Griekenland is een populaire bestemming voor wie op zoek is naar een meer ontspannen strandvakantie, dankzij de overvloed aan kustschatten en wereldberoemde historische locaties, fascinerende…
Karlovy Vary getuigt van de wisselwerking tussen geologie, keizerlijke ambitie en architectonische ambitie. Genesteld waar de rivieren Ohře en Teplá samenkomen, heeft deze Boheemse kuurstad – gesticht in de veertiende eeuw door Karel IV – opeenvolgende golven bezoekers aangetrokken die zowel op zoek waren naar het mineraalwater als naar het verfijnde comfort dat eromheen werd gebouwd. Door de eeuwen heen hebben bescheiden thermale bronnen een stedelijk tableau van zuilengalerijen en paviljoens, barokke kerken en neorenaissance badhuizen doen ontstaan, allemaal tegen een achtergrond van beboste heuvels en een zacht glooiend bassin. Vandaag de dag, met zo'n 49.000 inwoners en vijftien deelgemeenten, bewaart de stad een stedelijk monumentenreservaat waarvan de breedte en samenhang sinds 2018 zijn opgenomen in de UNESCO-lijst "Grote Kuuroorden van Europa".
De moderne gemeente bestaat uit vijftien verschillende wijken. De kern bestaat uit Karlovy Vary zelf (11.539 inwoners), geflankeerd door stadsdelen zoals Rybáře (9.204) en Stará Role (7.614).
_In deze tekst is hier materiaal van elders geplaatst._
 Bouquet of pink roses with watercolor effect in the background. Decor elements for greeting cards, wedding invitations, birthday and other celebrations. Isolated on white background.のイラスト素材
Drahovice (6.796), Dvory (1.884) en Doubí (2.049) tekenen de uitbreiding van de stad langs de Teplá-vallei, terwijl kleinere nederzettingen – Čankov (110), Cihelny (16) of Rosnice (185) – herinneren aan vroegere landelijke gehuchten die nu deel uitmaken van het stedelijk weefsel. In de agglomeratie die voor Europese investeringsdoeleinden is gedefinieerd, pendelen of migreren dagelijks bijna 138.000 mensen, wat de rol van Karlovy Vary als regionaal knooppunt versterkt.
De stad, gelegen op ongeveer 106 km ten westen van Praag, beslaat twee landschappen. Ten noorden ligt het vlakke Sokolovbekken; ten zuiden rijzen de beboste hellingen van het Slavkovbos op richting Vítkův vrch (642 m). De samenvloeiing van de Ohře met de Teplá – en verder stroomafwaarts met de Rolava – vormt een netwerk van waterwegen en vijvers. Het natuurlijke stuwmeer Rolava, in het hart van de stad, biedt zomerse pleziervaart en vormt een groene afwisseling met de nabijgelegen stenen promenades. Klimaattechnisch gezien valt Karlovy Vary onder de vochtige continentale klasse, met een gemiddelde jaartemperatuur van 7,4 °C. De zomers bereiken een piek van ongeveer 17,2 °C in juli; De wintertemperaturen dalen gemiddeld tot -1,8 °C in januari, hoewel recordminima van -25,1 °C (december 1969) en maxima van 35,8 °C (juli 1983, augustus 2012) wijzen op grotere extremen. De jaarlijkse neerslag bedraagt gemiddeld 568 mm, met de zwaarste neerslag in juni.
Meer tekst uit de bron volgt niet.